Son copain Cédric est plus âgé, hâbleur et casse-cou, mais il a une sœur en première année de fac qui ne laisse pas Marius insensible. Quant aux parents-hôtes, ils sont d'un grand laxisme sur les horaires et d'une discrétion tout à fait enviable !
Tout à coup j’ai l’air d’en savoir long sur Marius, contrairement à ce que je disais au début, mais je me vante.
L’auteur n’est vraiment pas prodigue en indices sur l’histoire de son personnage principal avant cet été-là.
C’est ce qui fait le charme étrange de L'Avantage, ce qui fait naître et excite la curiosité, l'envie de deviner, jusqu'à la dernière balle jouée.
Je sais aussi que si Marius n’a pas trop le sens de l’orientation, il a celui, très développé de l’observation : l’insecte qui se pose sur son banc au changement de côté, les fourmis sur la margelle de la piscine, la lente réapparition de la saucisse de hot-dog dans l'eau bouillante !
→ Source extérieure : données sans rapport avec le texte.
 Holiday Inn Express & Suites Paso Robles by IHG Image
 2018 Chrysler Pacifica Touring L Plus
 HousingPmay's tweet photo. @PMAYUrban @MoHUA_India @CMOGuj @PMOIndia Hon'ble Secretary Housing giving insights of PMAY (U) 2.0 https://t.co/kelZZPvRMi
Il possède également un sens aigu de l'interprétation des comportements de ses adversaires sur le terrain, un peu moins de ceux des filles, mais il apprend.
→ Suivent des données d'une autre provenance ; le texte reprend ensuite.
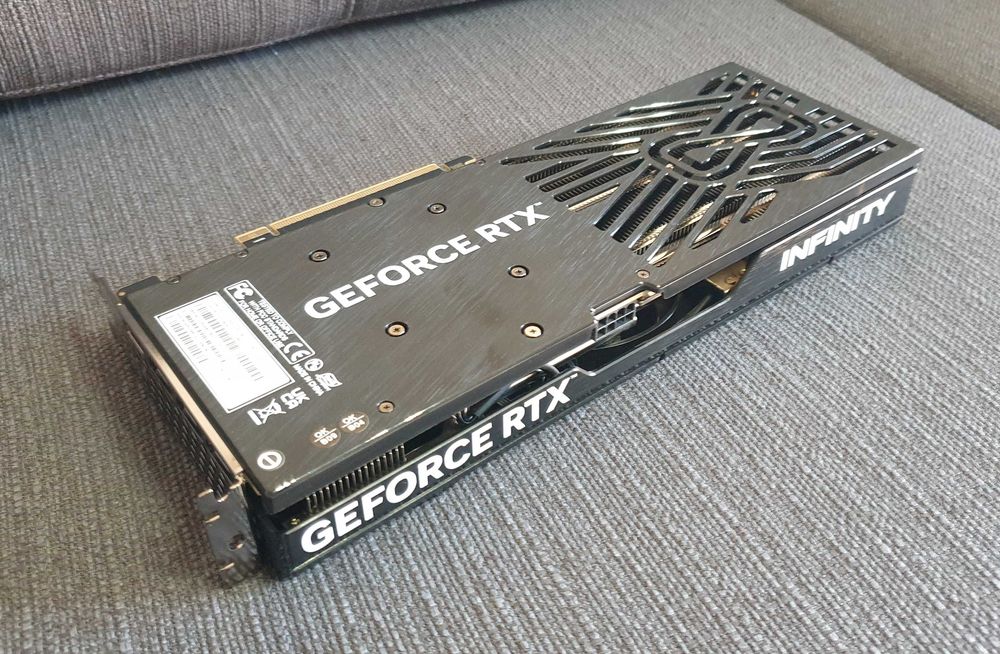 Placa Gráfica Palit - GeForce RTX 5060 Ti - 16gb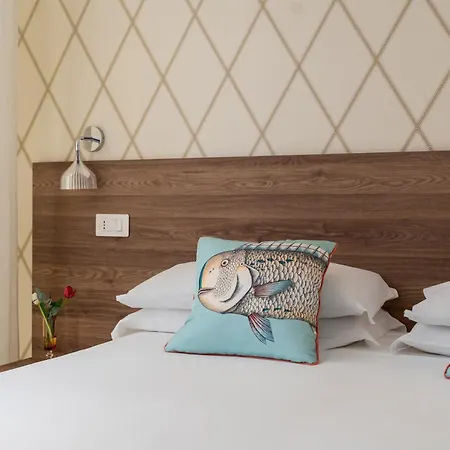 Calypso- Marina Centro Ρίμινι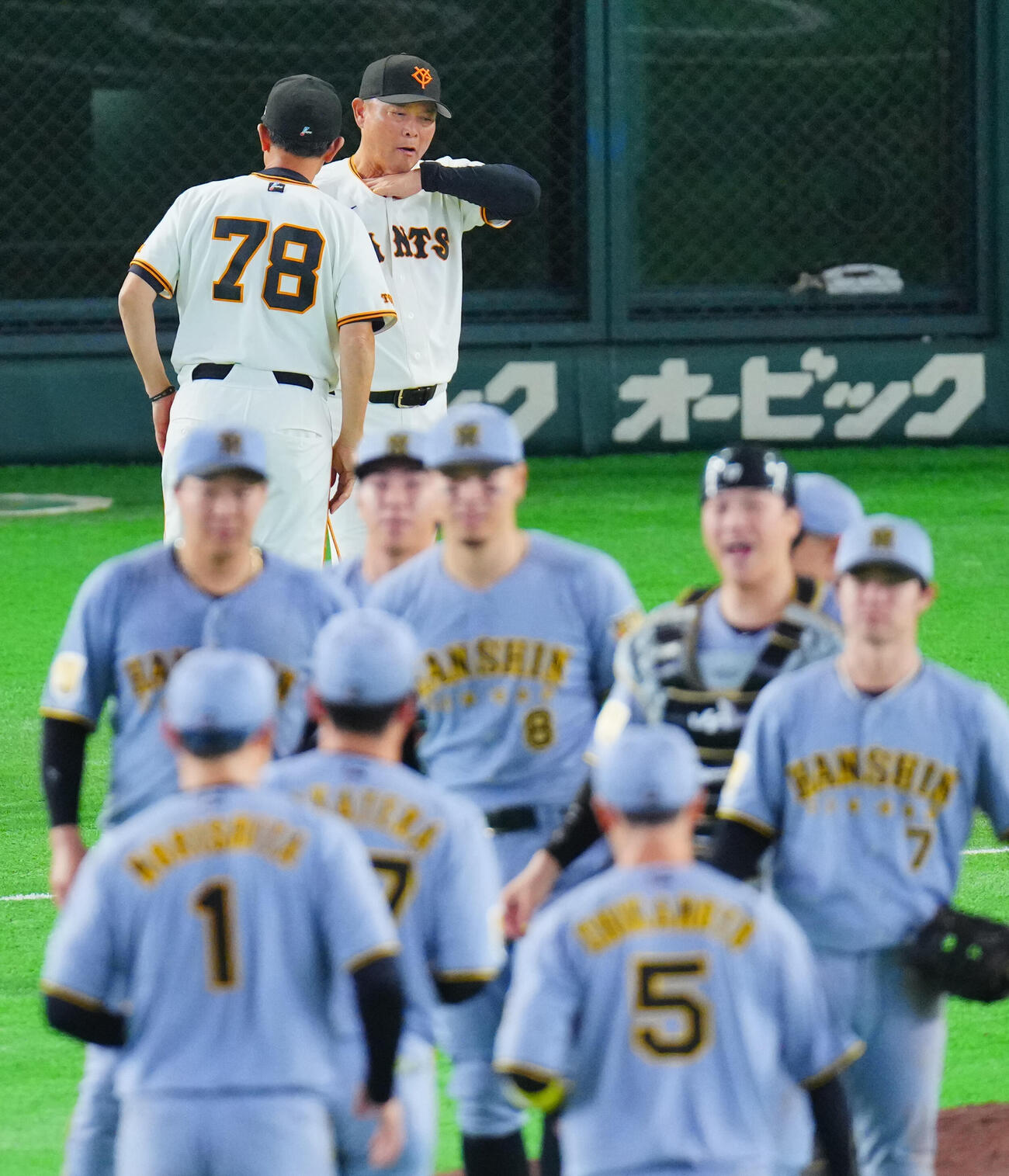 巨人対阪神　阪神に連敗し渋い表情の巨人橋上秀樹監督代行（後方右）（撮影・垰建太）
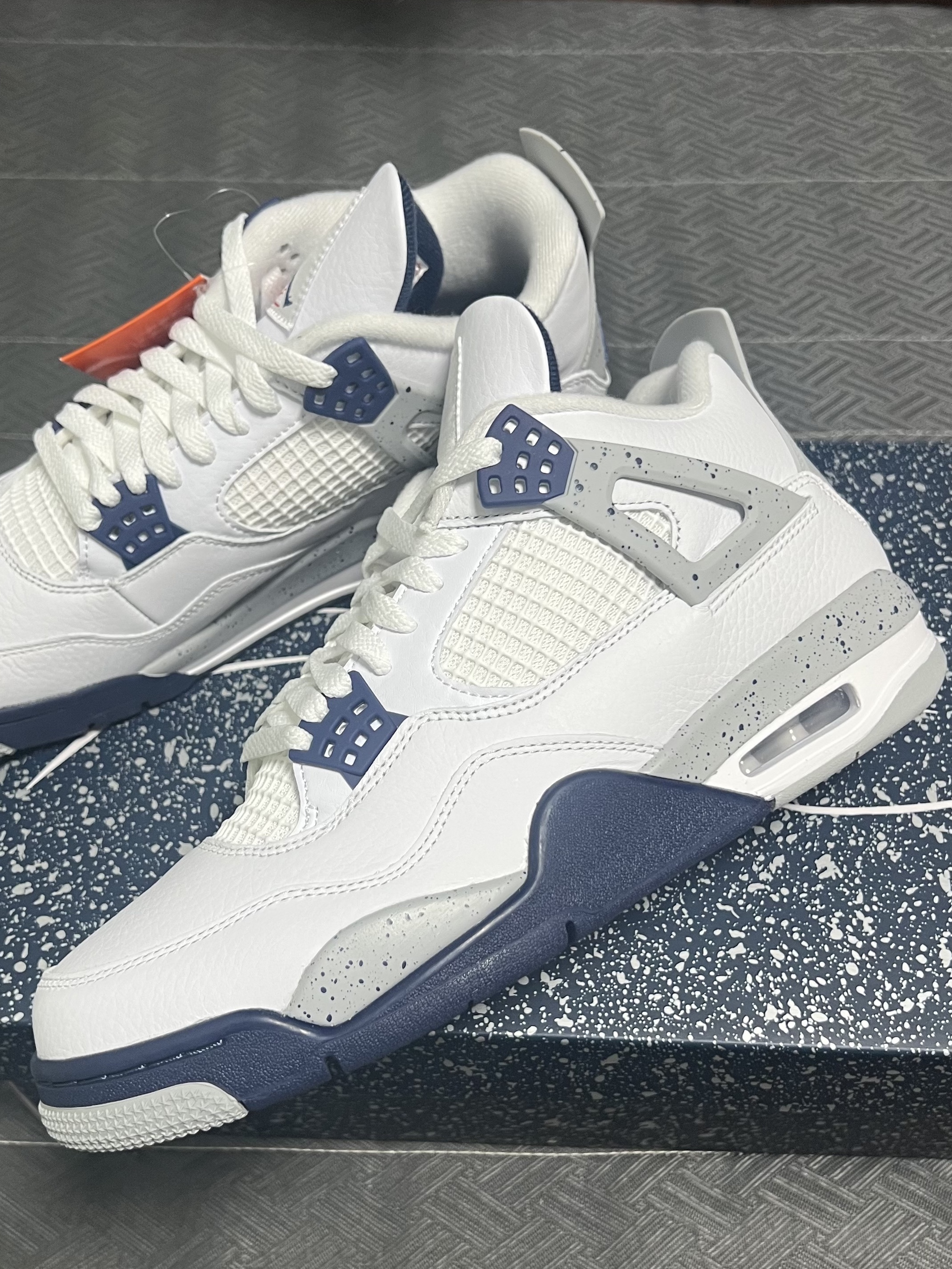 Jordan 4 Retro Midnight Navy 착용 스타일 - 1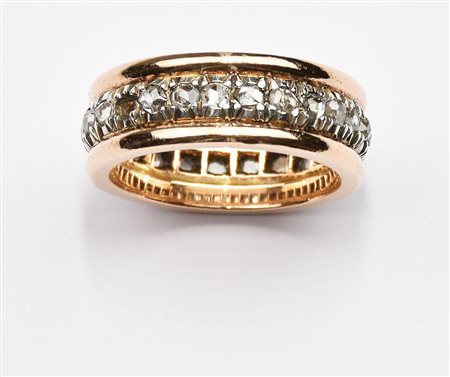 ANELLO IN ORO ROSA CON ETERNELLE DI BRILLANTI Italia, anni Sessanta circa...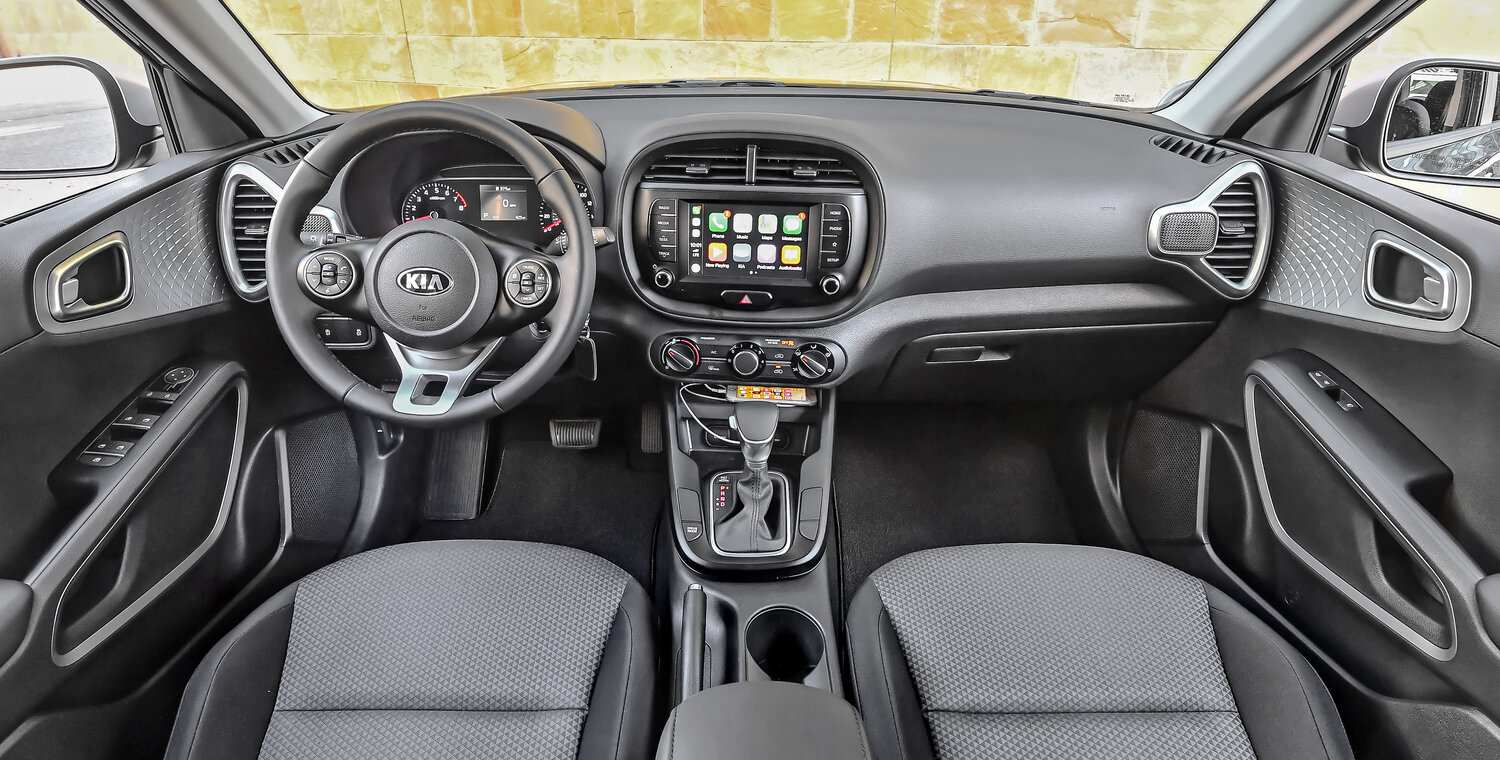 Kia Soul — справочные фотографии комплектации, Торпедо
Marius est touchant dans sa solitude et sa recherche de lui-même (il n'y a encore que sur le court qu'il se connaisse un peu), ne faisant confiance à personne, se méfiant de ceux qui, même avec tact, cherchent à l'aider : une juge-arbitre bourrue mais maternelle, un spectateur fidèle et discret qui suit tous ses matchs.
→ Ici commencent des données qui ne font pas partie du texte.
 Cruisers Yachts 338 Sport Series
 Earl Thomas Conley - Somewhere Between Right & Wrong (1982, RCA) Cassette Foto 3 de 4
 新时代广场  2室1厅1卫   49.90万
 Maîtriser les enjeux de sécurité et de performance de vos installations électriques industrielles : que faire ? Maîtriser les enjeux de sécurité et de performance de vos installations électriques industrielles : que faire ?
Comme son héros, Thomas André n’en fait jamais trop. Juste ce qu'il faut, mais à fond.
Cette apparente retenue dans la construction comme dans l’écriture crée une atmosphère singulière très excitante qu'on a envie de retrouver au plus vite dans un second roman.
>> extrait
L'Avantage Thomas André tous les livres sur Babelio.com“ Sandra est venue à ma rencontre. Bah alors, qu'est-ce que tu fous ? elle a dit. Derrière elle il y avait un grand type tout maigre et c'était mon adversaire. Sur le terrain, il balançait des coups droits dans tous les sens et moi, pris au dépourvu, je jouais beaucoup trop court pour l'inquiéter. J'étais encore tout gluant de sommeil et il fallait courir partout sur le terrain. Ça faisait déjà 2-0 pour lui. Il jouait bien, cette fois j'allais enfin me faire battre. Je me suis quand même concentré pour mettre quelques jeux. Je suis revenu à 2-1. Il faisait les points gagnants et les fautes, et moi, de la figuration. Bizarrement, ma gueule de bois n'était pas si terrible. C'était presque agréable. Quand j'étais sur la balle, je tentais un passing, sinon tant pis. Mais il n'est pas parvenu à se détacher et même à 4-4, j'ai pris l'avantage. Je suis monté à contre-temps, j'ai serré le jeu en coup droit, et j'ai mis mon service blanc. À 5-4, 30/A, il a fait une double faute et je n'ai pas réalisé tout de suite que j'avais balle de set. J'ai retourné dans le court, et il a fait une nouvelle faute.
J'étais un peu gêné en me rasseyant sur mon banc. J'avais gagné le premier set sans le faire exprès. ”
Merci Babelio, merci Tristram, et merci Thomas André qui a eu la gentillesse de parapher de son T (celui des carrés de service ? ou de Tristram ?) le communiqué qui accompagnait ce livre que j'aurai un immense plaisir à garder et à prêter à mes ami.e.s, joueurs de tennis ou non.